University of Maryland,USA

Title: KSHV induces aerobic glycolysis and angiogenesis through HIF-1-dependent upregulation of Pyruvate Kinase 2 in Kaposi’s Sarcoma

Biography

Biography: Silvia Montaner

Abstract

Kaposi’s sarcoma (KS) is a vascular neoplasm caused by infection of endothelial or endothelial precursor cells with the Kaposi’s sarcoma associated herpesvirus (KSHV/HHV8). Research efforts have focused on defining the molecular events explaining how KSHV promotes pathological angiogenesis and KS tumor formation. mTOR/HIF-1 has been shown to be a fundamental pathway driving these processes through the upregulation of angiogenic and inflammatory genes, including VEGF, ANGPTL4, and ANGPT2. Interestingly, HIF-1 has also been implicated in the upregulation of metabolic genes associated with aerobic glycolysis and the growth of solid tumors. However, whether HIF-1 plays a role in regulating cell metabolism in KS remains unexplored. Here, we show that the HIF-1 metabolic effector, pyruvate kinase 2 (PKM2), is upregulated upon KSHV infection of endothelial cells and is necessary to maintain aerobic glycolysis in infected cells. We further demonstrate that PKM2 regulates KS angiogenic phenotype by acting as a coactivator of HIF-1 and increasing the levels of HIF-1 angiogenic factors, including VEGF. Indeed, inhibition of PKM2 expression blocked endothelial cell migration and differentiation of KSHV-infected cells.

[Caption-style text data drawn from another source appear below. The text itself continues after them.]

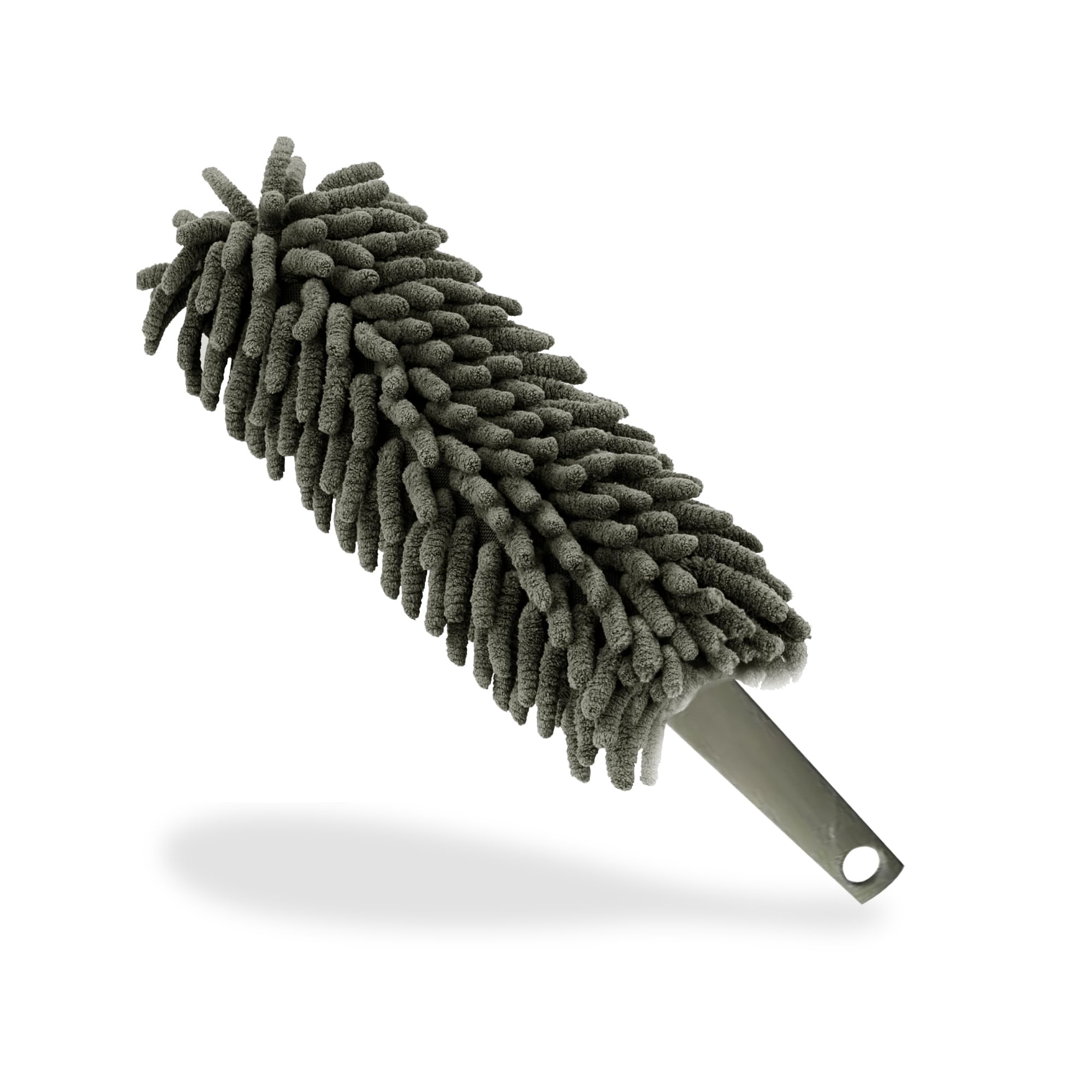 G4GADGET Microfiber Duster - Washable Head for Blinds & Furniture | Grey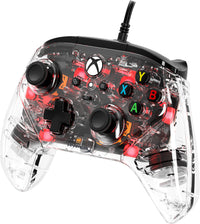 HyperX Clutch Gladiate - Wired Gaming RGB Controller - Xbox Transparent USB Gamepad Xbox One, Xbox Series X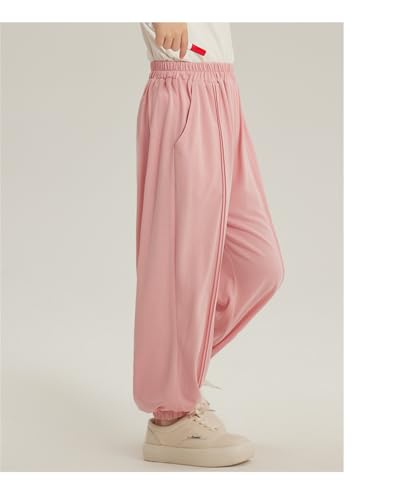 Girl's Jogger Swearpants High Elastic Waist Pants Casual Wide Leg Swearpants4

We also investigated whether PKM2 regulates the angiogenic dysregulation induced by the KSHV-encoded G protein-coupled receptor (vGPCR), a viral oncogene that promotes Kaposi’s sarcomagenesis through the upregulation of HIF angiogenic factors. Interestingly, we found that PKM2 controls vGPCR-induced VEGF paracrine secretion and vGPCR oncogenesis in vivo. Our findings provide a molecular mechanism for how HIF-1 dysregulation in KS fuels both angiogenesis and tumor metabolism and support further investigations on therapeutic approaches for KS targeting HIF-1 and PKM2.